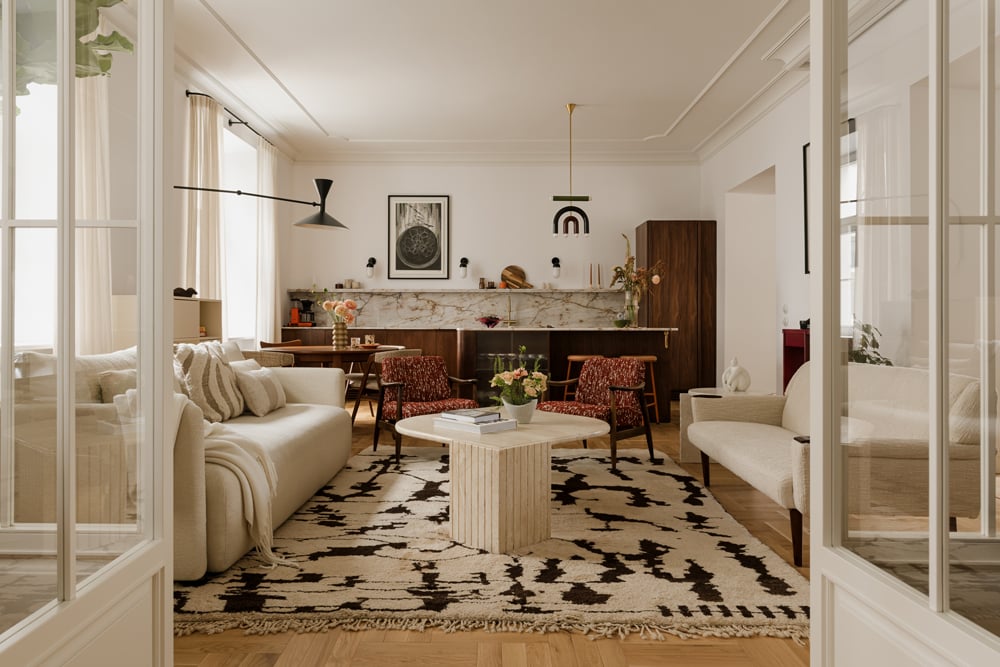 Tu mieszka światło. Apartament w przedwojennej kamienicy na Powiślu 1 Tu mieszka światło. Apartament w przedwojennej kamienicy na Powiślu projektu Sobkowiak Architektura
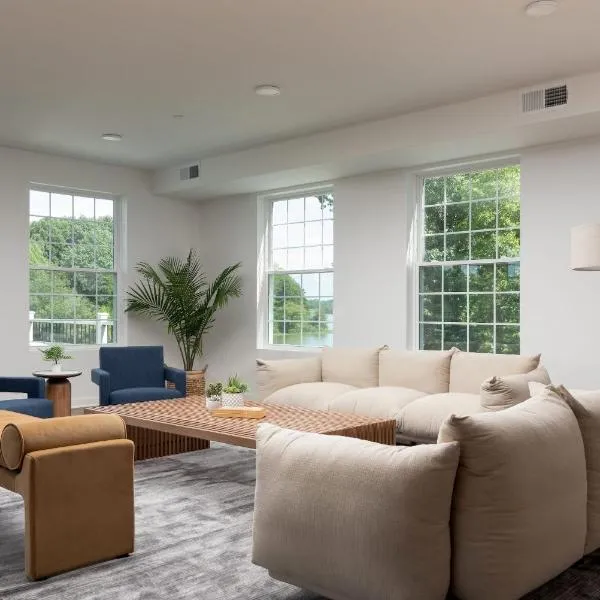 Boardwalk Hotel On Lake Anna By Kasa，位于Mineral的酒店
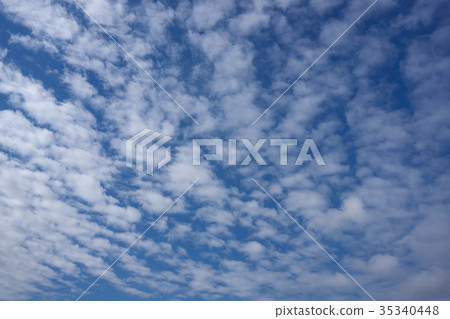 秋天的天空 35340448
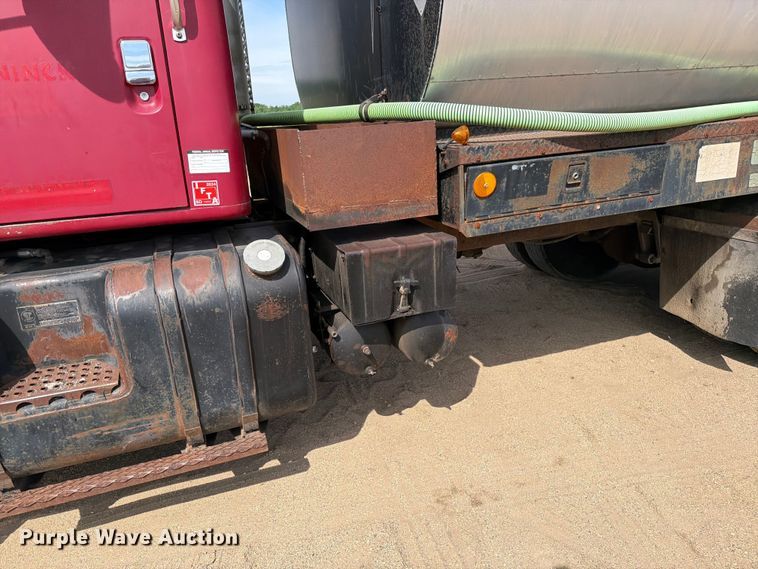 image for item FK0230 1984 International 2575 tank truck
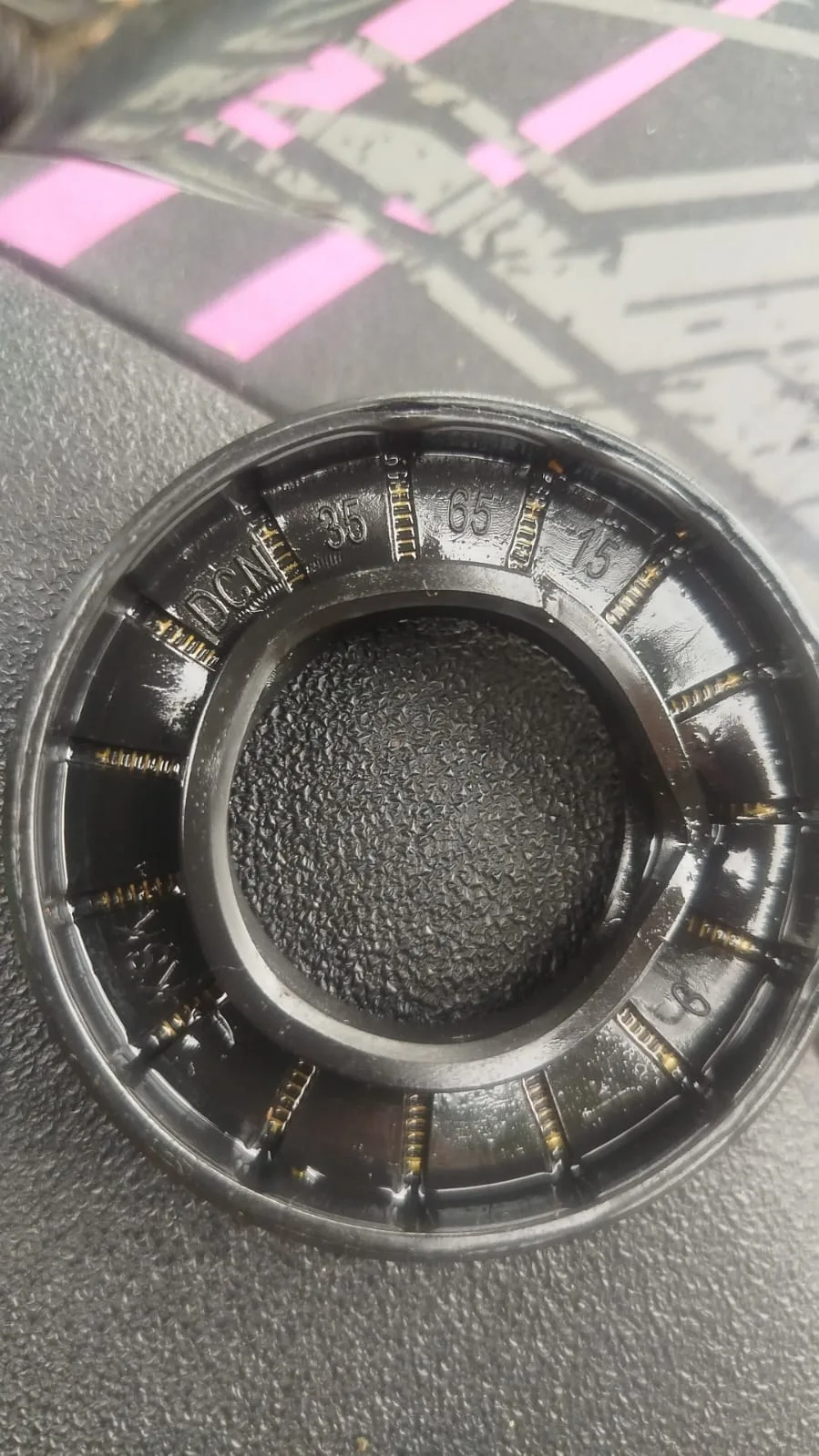 Retén real para bomba de engranajes SDLG HTP3-100, detalle de medida grabada 35-65-15 — foto de cliente Retén real para bomba de engranajes SDLG HTP3-100, detalle de medida grabada 35-65-15 — foto de cliente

# # #

=== Your assignment ===
Set down word for word every line from the one containing "Boardwalk Hotel On" through the last line of the records above, both ends included. Leave out the pictures.

=== Exercise answer ===
 Boardwalk Hotel On Lake Anna By Kasa，位于Mineral的酒店
 秋天的天空 35340448
 image for item FK0230 1984 International 2575 tank truck
 Retén real para bomba de engranajes SDLG HTP3-100, detalle de medida grabada 35-65-15 — foto de cliente Retén real para bomba de engranajes SDLG HTP3-100, detalle de medida grabada 35-65-15 — foto de cliente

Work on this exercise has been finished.